The stage setting shows a spider’s web from whose perspective vanishing point everything depends. Only the triangle in the middle, the steps leading to the catalyst of the fiasco, are juxtaposed. Self-contained and yet not firm, it sways above the ground and the spider’s arms have long since stretched the fibers. Cavadarossi considers himself free. He lives in a world of art and love. He flirts with the new thought of freedom yet submits his labours to the disposition of the empowered. Women and their beauty, nature, the perfection of creation invite him to dream and not recognize the danger of the political reality. He begins too late to see through the perfidious game. He too can only escape into a world of illusions in order to tolerate the last hours of his life.

The shepherd in the third act brings both worlds clearly into focus.

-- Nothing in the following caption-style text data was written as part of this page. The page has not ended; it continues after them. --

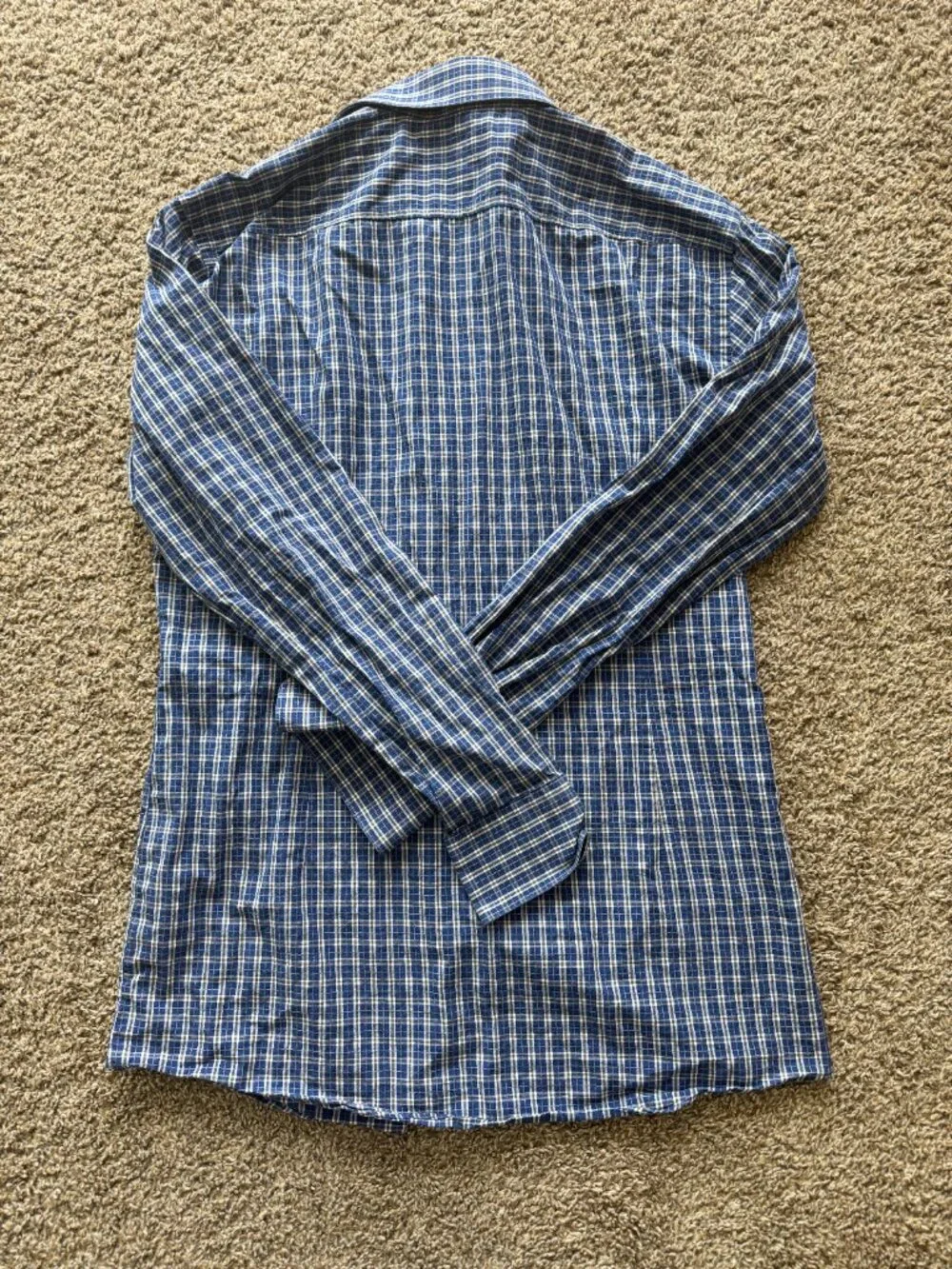 Hugo Boss Men's Sharp Fit Blue Checkered Plaid Button Up Shirt Size 16 1/2 34-35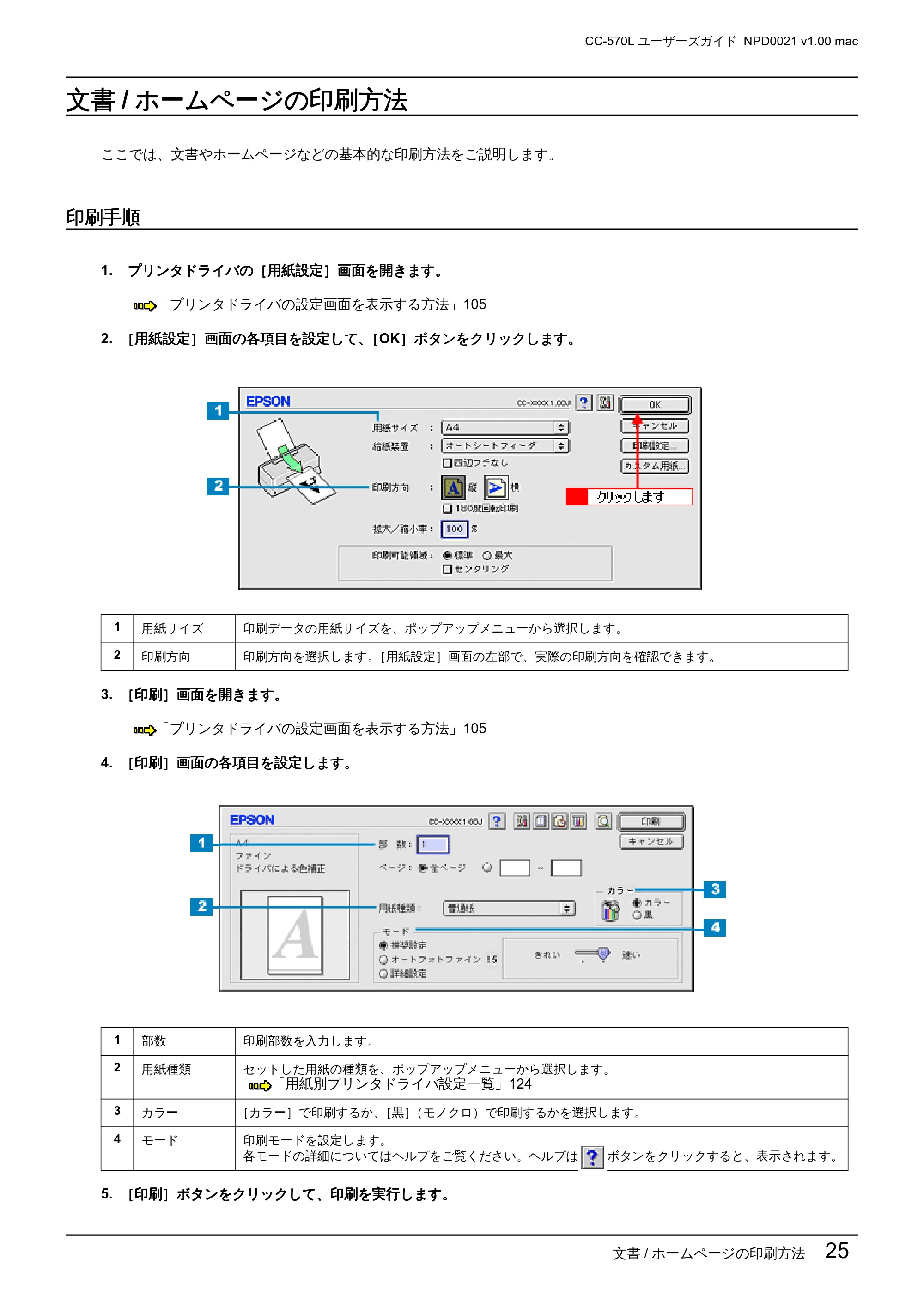 エプソン CC-570L CC-570L ユーザーズガイド (Macintosh版) — 文書/ホームページの印刷方法 — 原本ページ — 25ページ
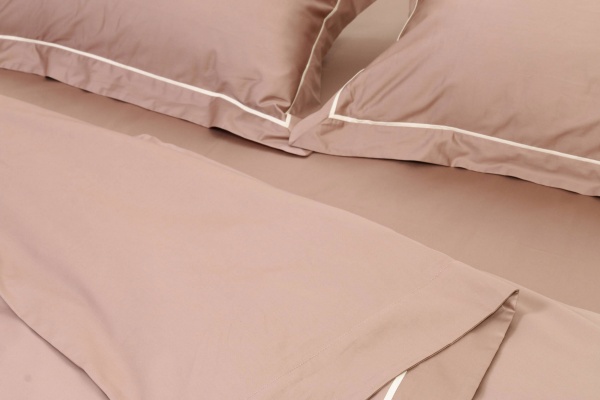 Комплект постільної білизни Solid сімейний темно-бежевий La Nuit 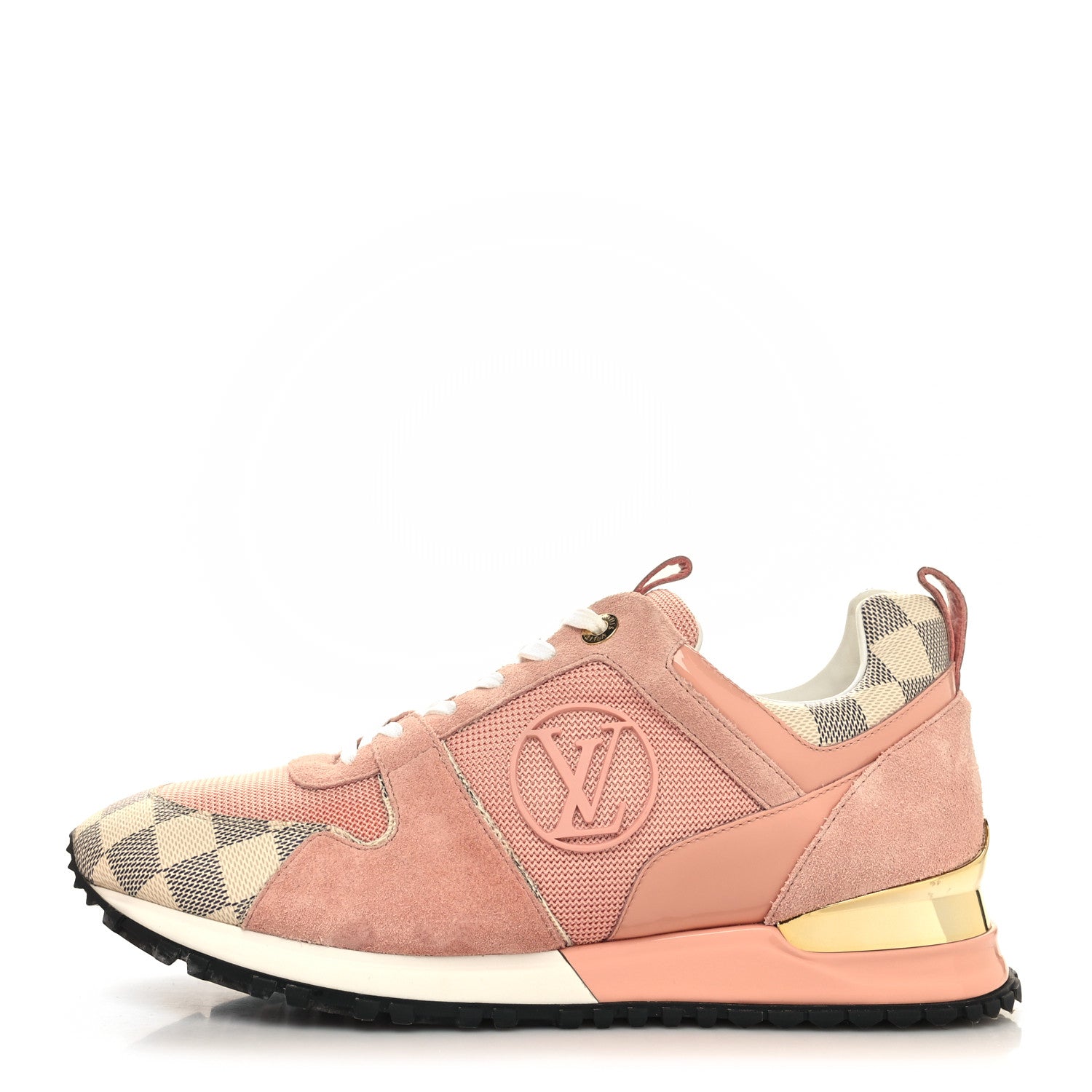 Louis Vuitton Suede Damier Azur Run Away Sneakers 41 Pink 1 of 7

The world of peace, feelings and indulgence next to the icy reality of a motionless apparatus of murder and power. Transported by the voice and music, Cavadarossi once again gives himself up to the dream of unending peace and the carelessness of childhood. He seeks the purity of love yet is repeatedly brought back into destructive reality by the application of the drama. Not even the sham world can cover reality. The spider is omnipresent.

The opera is set in 1800, but the theme is unfortunately still quite alive. We do not have to revert to period costumes to show what occurs on a daily basis.

Scarpia lives, even though Tosca killed him. The spider has many hatcheries and new Scarpias will always arise. The web draws itself in and even if one destroys it, it will be re-spun the next day.